◆ Task details:
Would you retype exactly the lines below, starting with the one that has "Plumbers Extra Wide" and going on through the one that has "Mesh Color Block", with no pictures and nothing else?

◆ Source data:
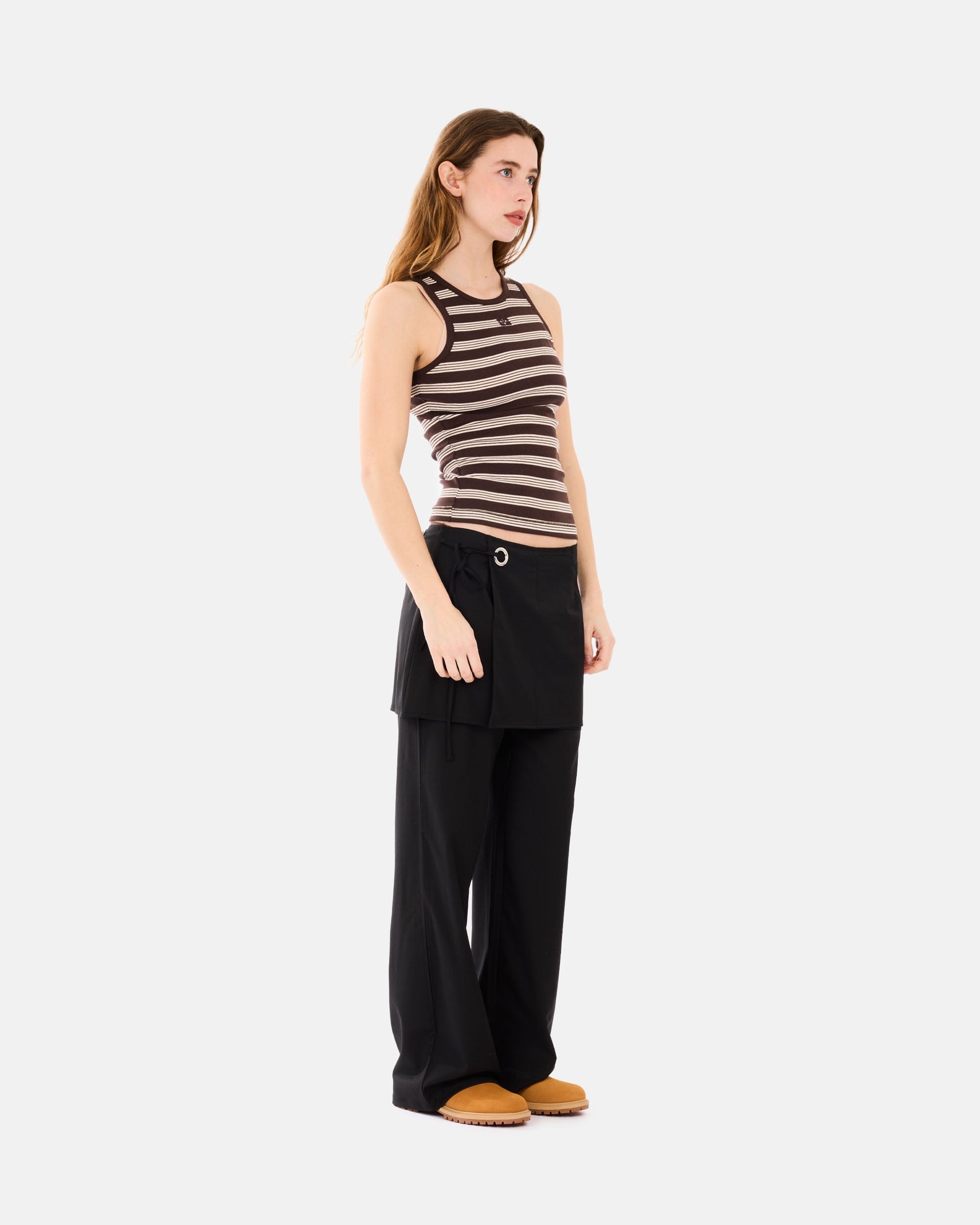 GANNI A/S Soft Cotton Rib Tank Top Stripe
---
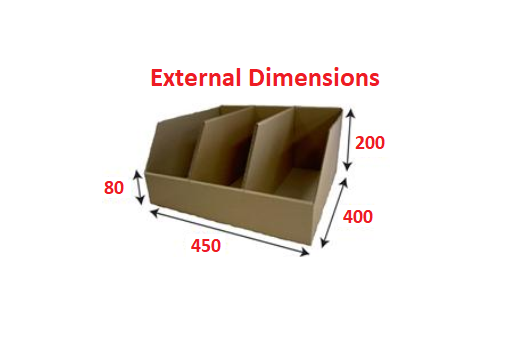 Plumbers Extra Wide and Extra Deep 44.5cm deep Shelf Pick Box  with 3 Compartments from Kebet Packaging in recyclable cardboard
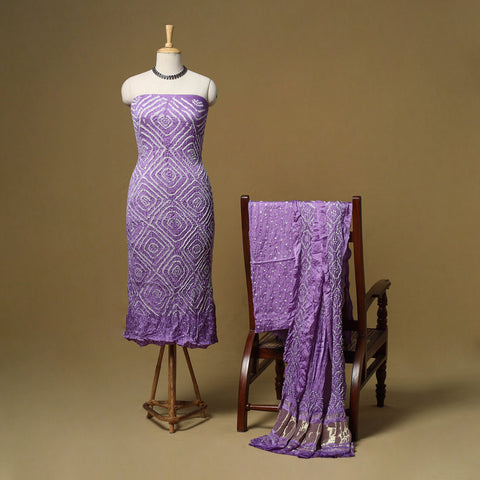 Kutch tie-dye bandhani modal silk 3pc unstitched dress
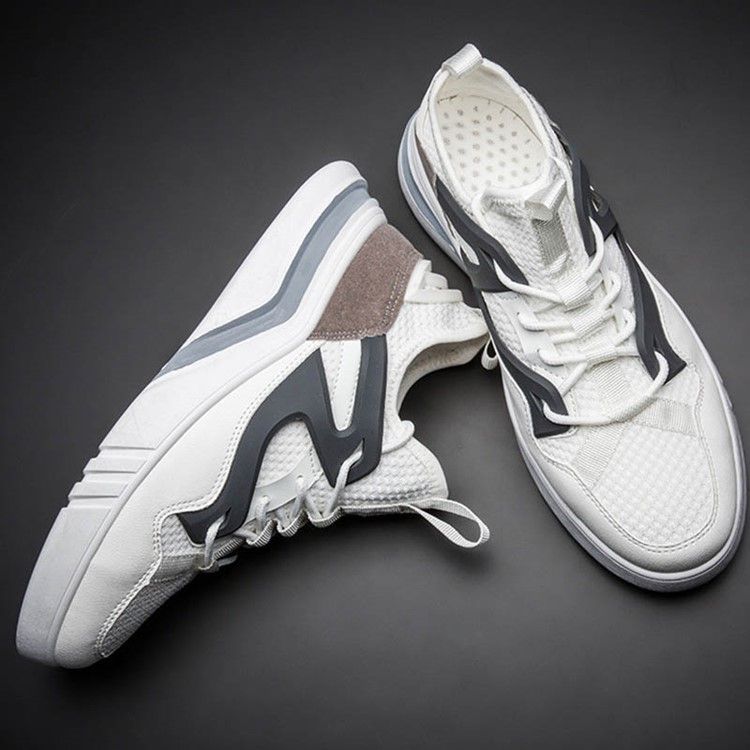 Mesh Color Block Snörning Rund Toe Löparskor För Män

◆ Expected answer:
 Plumbers Extra Wide and Extra Deep 44.5cm deep Shelf Pick Box  with 3 Compartments from Kebet Packaging in recyclable cardboard
 Kutch tie-dye bandhani modal silk 3pc unstitched dress
 Mesh Color Block Snörning Rund Toe Löparskor För Män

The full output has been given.